# Raw data

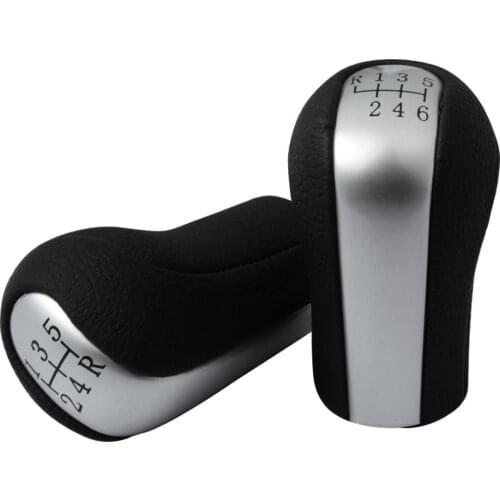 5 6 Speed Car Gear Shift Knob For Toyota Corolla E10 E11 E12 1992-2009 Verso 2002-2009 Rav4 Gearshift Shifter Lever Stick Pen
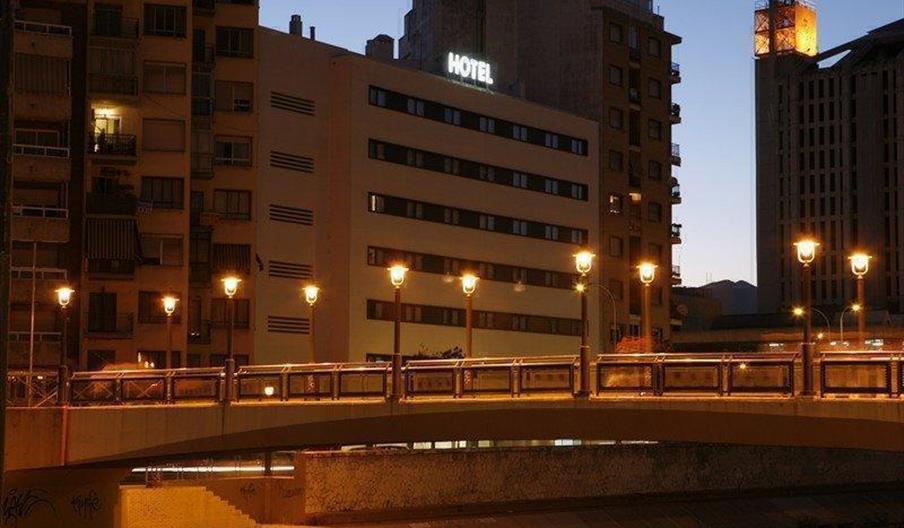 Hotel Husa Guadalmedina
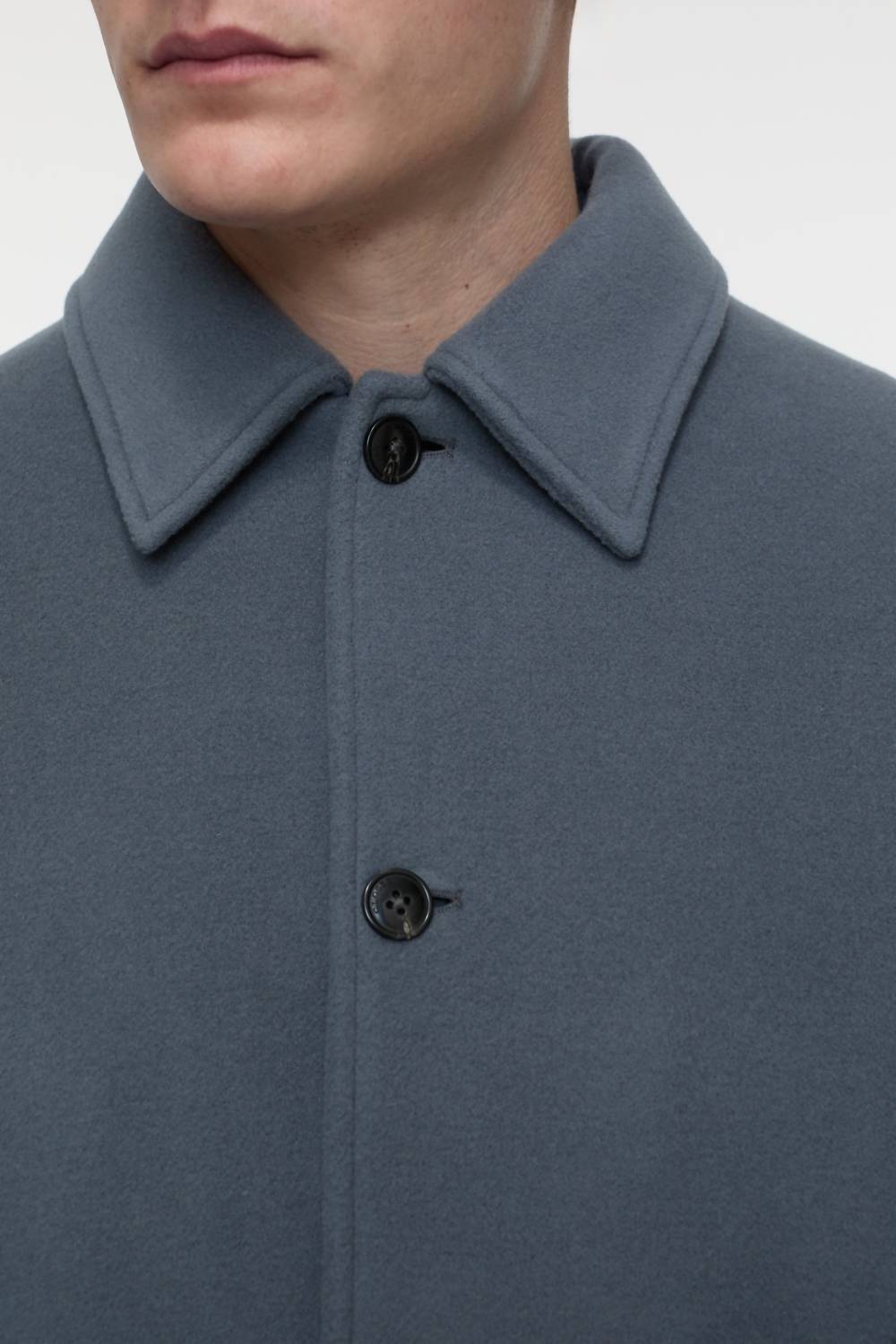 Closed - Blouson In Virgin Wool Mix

# Task requirements
Before you return the listing exactly, strip out its pictures.

# Exercise result
 5 6 Speed Car Gear Shift Knob For Toyota Corolla E10 E11 E12 1992-2009 Verso 2002-2009 Rav4 Gearshift Shifter Lever Stick Pen
 Hotel Husa Guadalmedina
 Closed - Blouson In Virgin Wool Mix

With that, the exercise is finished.